- Amount demanded: US$ 92 million
- Outcome: pending
- Treaty invoked: Energy Charter Treaty
- Sector: fossil fuels
- Issue: climate, environment, health
In 2021, the Swiss public utility Azienda Elettrica Ticinese (AET) launched an investor–state arbitration against Germany over the country’s coal phase-out policy. The case concerns AET’s minority participation in the Trianel coal-fired power plant in Lünen, which is scheduled to close as part of Germany’s legally mandated coal exit.
AET invested in the plant through a consortium of municipal utilities and became a minority shareholder after construction. The facility began operating in 2013 but struggled financially for much of its lifetime. Market developments—including falling wholesale electricity prices, growing renewable energy capacity and rising carbon costs—reduced profitability well before the coal phase-out decision. Despite these challenges, AET argues that Germany’s coal exit policy diminished the value of its investment and negatively affected expected future returns.

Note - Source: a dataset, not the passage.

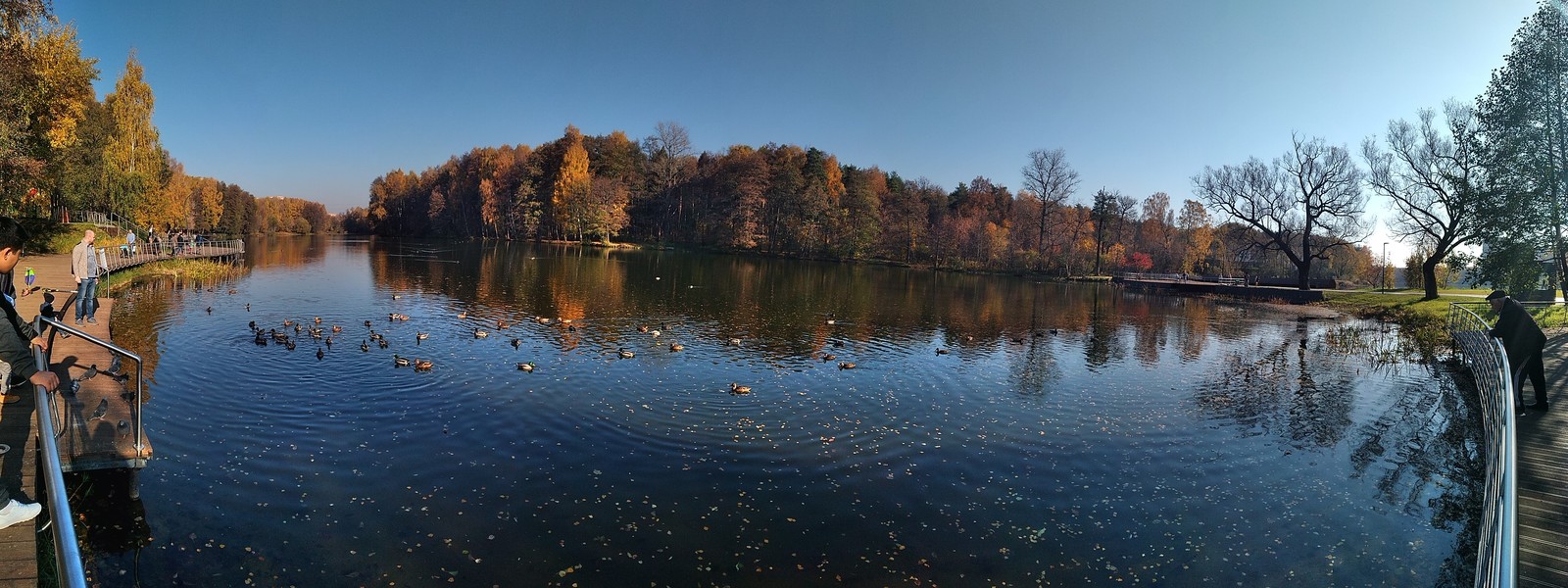 Moscow suburbs - My, Rest, Leaf fall, Peace, Xiaomi, Balashikha, Longpost, Nature, Calmness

Germany adopted its coal exit framework in 2020, setting a timeline for shutting down coal-fired power plants to meet climate targets. The Lünen facility falls within this closure schedule, prompting AET to seek compensation under the Energy Charter Treaty. The claim includes both invested capital and anticipated future profits, raising the potential financial exposure for public budgets.
The power plant had faced opposition at the local level even before construction and during its operation. Residents and community groups in Lünen expressed concerns about air pollution, health impacts and the project’s compatibility with regional climate goals. Protests and legal challenges accompanied different stages of the project, reflecting broader local resistance to new coal infrastructure.